*** Opening Given data ***
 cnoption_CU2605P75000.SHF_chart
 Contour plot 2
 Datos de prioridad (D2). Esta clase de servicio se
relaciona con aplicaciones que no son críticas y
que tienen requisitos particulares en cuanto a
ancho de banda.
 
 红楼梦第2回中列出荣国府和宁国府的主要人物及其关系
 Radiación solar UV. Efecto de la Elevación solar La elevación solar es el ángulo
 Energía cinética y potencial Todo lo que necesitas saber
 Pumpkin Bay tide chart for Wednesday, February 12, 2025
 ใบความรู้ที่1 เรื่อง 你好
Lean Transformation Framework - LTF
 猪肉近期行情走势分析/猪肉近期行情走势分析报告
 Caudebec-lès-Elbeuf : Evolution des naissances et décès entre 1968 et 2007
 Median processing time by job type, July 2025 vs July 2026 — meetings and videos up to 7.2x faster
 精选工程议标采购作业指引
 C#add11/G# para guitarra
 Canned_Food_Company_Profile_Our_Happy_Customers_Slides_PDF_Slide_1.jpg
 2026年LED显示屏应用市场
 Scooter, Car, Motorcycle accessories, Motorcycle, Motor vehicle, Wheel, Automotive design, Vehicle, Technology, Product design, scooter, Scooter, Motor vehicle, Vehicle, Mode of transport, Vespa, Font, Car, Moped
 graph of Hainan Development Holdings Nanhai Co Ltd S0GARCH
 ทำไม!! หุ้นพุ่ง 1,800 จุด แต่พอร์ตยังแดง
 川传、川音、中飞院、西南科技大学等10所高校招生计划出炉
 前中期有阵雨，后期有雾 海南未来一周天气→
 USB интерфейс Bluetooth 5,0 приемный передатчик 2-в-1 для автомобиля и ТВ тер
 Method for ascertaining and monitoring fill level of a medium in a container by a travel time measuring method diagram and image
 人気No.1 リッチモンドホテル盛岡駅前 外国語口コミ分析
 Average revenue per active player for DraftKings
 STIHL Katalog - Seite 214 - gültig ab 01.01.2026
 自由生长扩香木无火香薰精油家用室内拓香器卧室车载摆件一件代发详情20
*** Closing Given data ***
■ **Assignment**: When you repeat the lines, start with the first line of the material and end with the line that contains "Caudebec-lès-Elbeuf : Evolution", keeping both and reproducing each exactly, with nothing added.

■ **Task output**:
 cnoption_CU2605P75000.SHF_chart
 Contour plot 2
 Datos de prioridad (D2). Esta clase de servicio se
relaciona con aplicaciones que no son críticas y
que tienen requisitos particulares en cuanto a
ancho de banda.
 
 红楼梦第2回中列出荣国府和宁国府的主要人物及其关系
 Radiación solar UV. Efecto de la Elevación solar La elevación solar es el ángulo
 Energía cinética y potencial Todo lo que necesitas saber
 Pumpkin Bay tide chart for Wednesday, February 12, 2025
 ใบความรู้ที่1 เรื่อง 你好
Lean Transformation Framework - LTF
 猪肉近期行情走势分析/猪肉近期行情走势分析报告
 Caudebec-lès-Elbeuf : Evolution des naissances et décès entre 1968 et 2007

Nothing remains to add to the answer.